On 7/26/07, Christopher Schmidt crschmidt@crschmidt.net wrote:
On Thu, Jul 26, 2007 at 01:24:50AM +0100, Rev Simon Rumble wrote:
Indeed, this should most certainly be done for all revisions of a page except the current, so that if someone reverts spam without the admin password, it's not indexed by the crawlers.
PS: I strongly doubt it's Google causing problems. Google is a very well behaved bot. Others like the MSN one are much less well behaved.
I'm not convinced of that.
Google routinely and regularly fetches *large* pages on the Open Guide to Boston that almost never change. Think Category Restaurant page -- 1MB page, changes maybe once a week, Google fetches it daily.

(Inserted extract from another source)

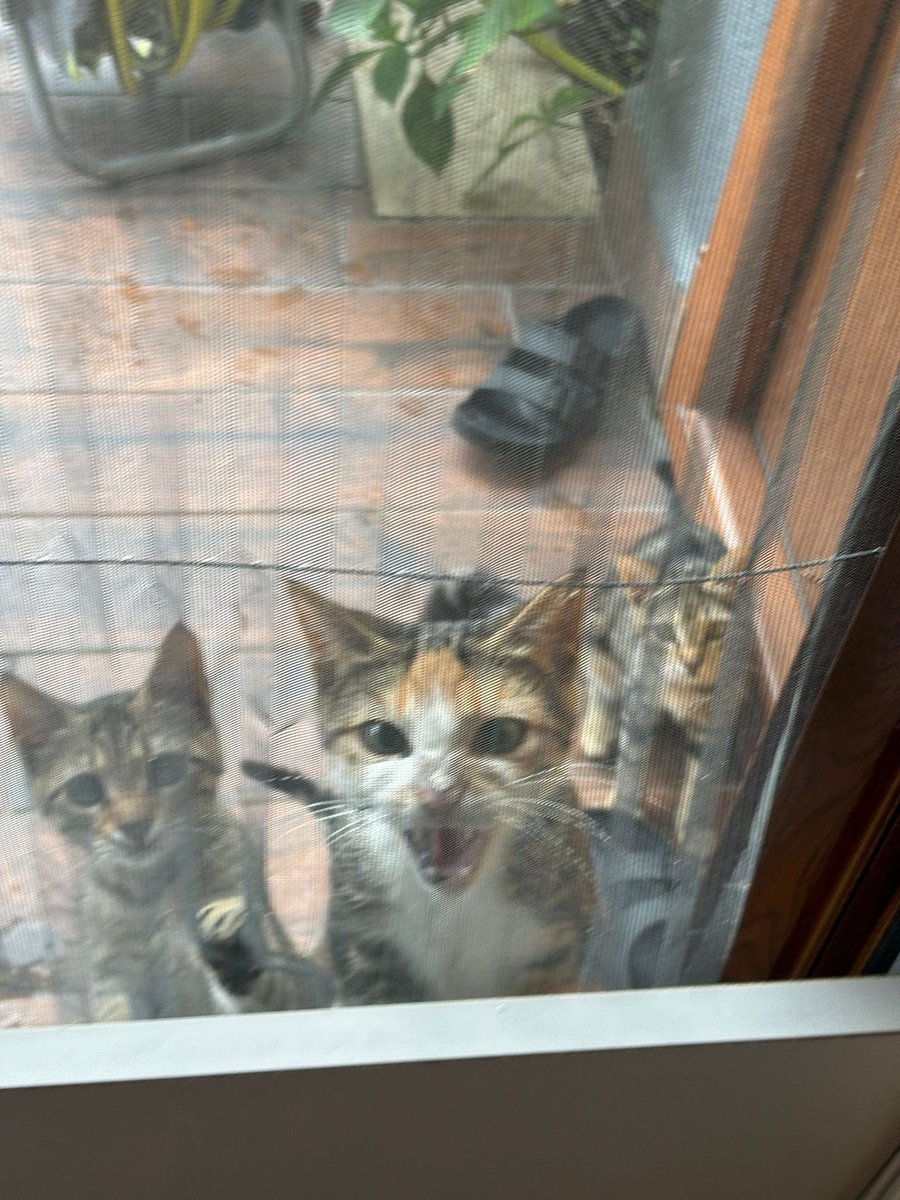 instagramın kapalı olmasına bir isyanda kedilerden geldi… 

#instagram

Spoke with the crawler guys here and your site changes more often than you seem to think. That page also has a high page rank which affects crawl frequency.
Your HTTP headers could help more: try using if-modified-since. Consider also a reverse caching proxy to reduce load. You can reduce the crawl freq with the webmaster console if you still think it's too much.
You could restructure the page to not be a megabyte too, of course ;-)
HTH, Paul (not speaking as a representative of his employer, just trying to help out)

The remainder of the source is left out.